Making Vintage Jewelry More Wearable

I haven't posted in a while about anything I've made.  I was dragging my feet on photographing pieces, but I finally went ahead and photographed several today.

I inherited some of my paternal grandmother's jewelry when she died several years ago.  Today's piece of jewelry began with a fabulous fly pin that belonged to her.

There is wonderful detailing on the fly's wings, which, frustratingly enough, the picture doesn't show very well.  It also has a purple body.  Purple is my favorite color, and it was my grandmother's favorite, too.  I thought it was an extremely cool pin.

The only problem is that I'm not really a pin person.  I think it may be a generational thing--I've seen lots of older women wear pins with a great deal of flair, but when I try it, it just doesn't feel like me.  Truthfully, I can only think of one woman around my age who I ever saw wearing pins on a regular basis.

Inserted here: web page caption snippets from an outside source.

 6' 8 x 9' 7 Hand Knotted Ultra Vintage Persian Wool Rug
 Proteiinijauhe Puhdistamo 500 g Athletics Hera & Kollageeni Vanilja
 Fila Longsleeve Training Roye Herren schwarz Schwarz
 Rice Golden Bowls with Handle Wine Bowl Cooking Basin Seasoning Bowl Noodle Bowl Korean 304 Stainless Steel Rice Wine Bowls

So the pin sat unworn for a number of years.  I finally decided it was time to remedy that and make a necklace from it, since I wear necklaces very regularly.  I started by buying a bail to convert the pin into a pendant.  The bail is simply a piece of tube that goes over the pin back with a large loop on top.  You can get these bails with either a vertical or a horizontal tube, depending on the direction of your pin back.  My pin was thus turned into a pendant.

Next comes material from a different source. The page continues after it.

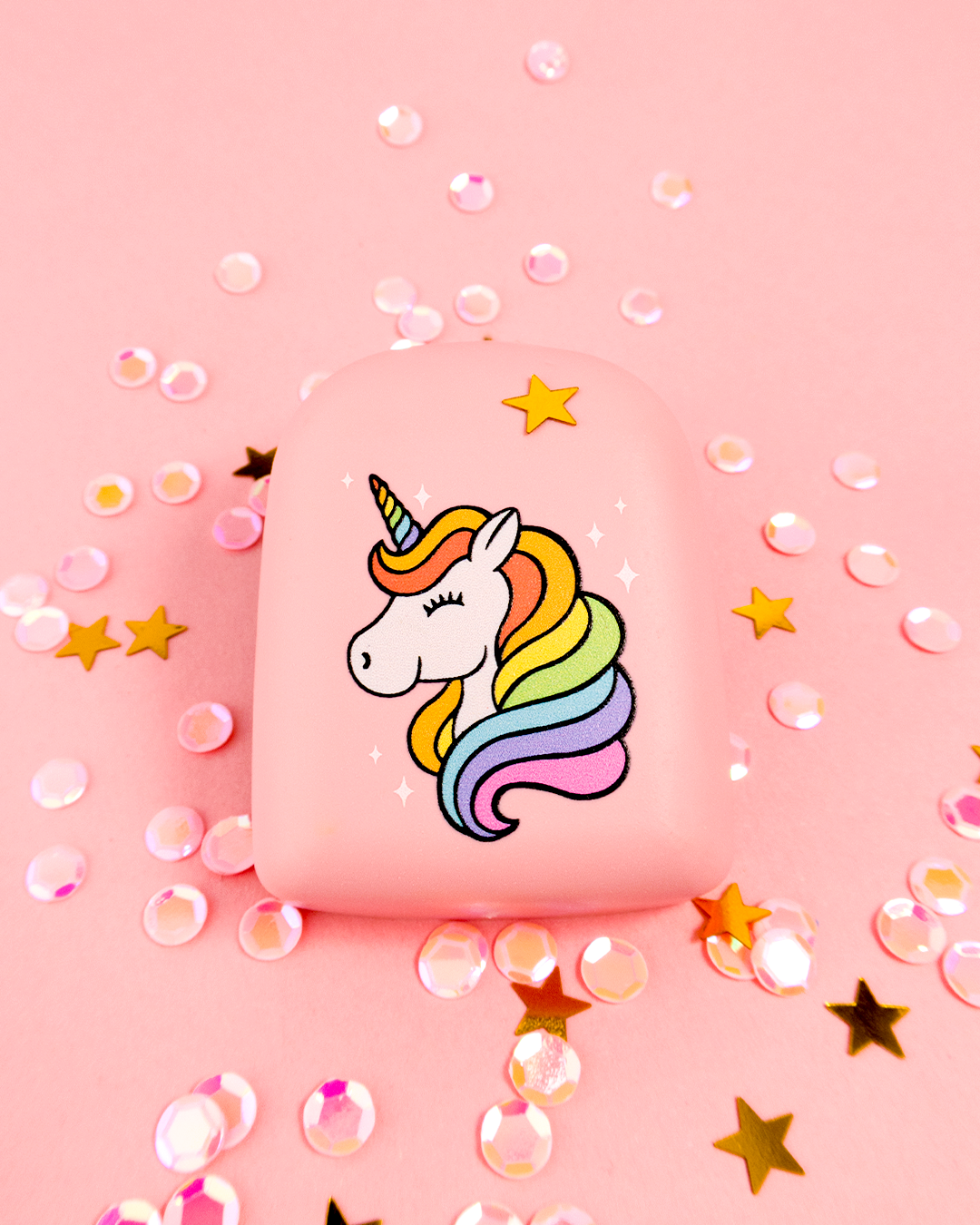 Omnipod Cover - Print - Unicorn - Light Pink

I thought just putting it on a plain chain would neither do the pin justice nor having pleasing proportions.  So the next question was how to design a necklace that would complement the pendant without overwhelming it.  Inspiration came in the form of a package of seed beads that came as a free gift with some other beads I had ordered.  The seed beads were a mix of soft purples and whites with a matte finish.  I thought the soft, matte beads would allow the pendant to really shine.  I also thought that using matte beads would bring the overall shine of the piece down a bit, and make it easier to wear for everyday occasions.

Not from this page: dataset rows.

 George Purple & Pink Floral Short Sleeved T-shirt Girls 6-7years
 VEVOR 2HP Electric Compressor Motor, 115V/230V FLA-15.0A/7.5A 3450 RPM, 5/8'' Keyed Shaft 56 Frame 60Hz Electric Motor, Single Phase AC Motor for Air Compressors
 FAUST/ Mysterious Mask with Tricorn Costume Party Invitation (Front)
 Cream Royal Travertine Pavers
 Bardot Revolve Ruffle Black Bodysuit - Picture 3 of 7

I also wanted to incorporate metal into the necklace, so I bought gold-filled chain, wire, cones and a clasp.  Gold-filled is a good affordable alternative to gold.  I shudder to think how much solid gold would have cost.  I made four strands of wire-wrapped seed bead links, and used cones to link them to the chain.  I then connected the clasp to the ends and slid the pendant on.

Since the loop on the pendant bail is so large, I can easily remove the pendant if I want to wear the necklace without it.

And, since I left the pin back intact, I could remove the pendant bail and wear it as a pin again if I ever wanted to.  I'm glad that in one form or another, the fly pin will get worn again.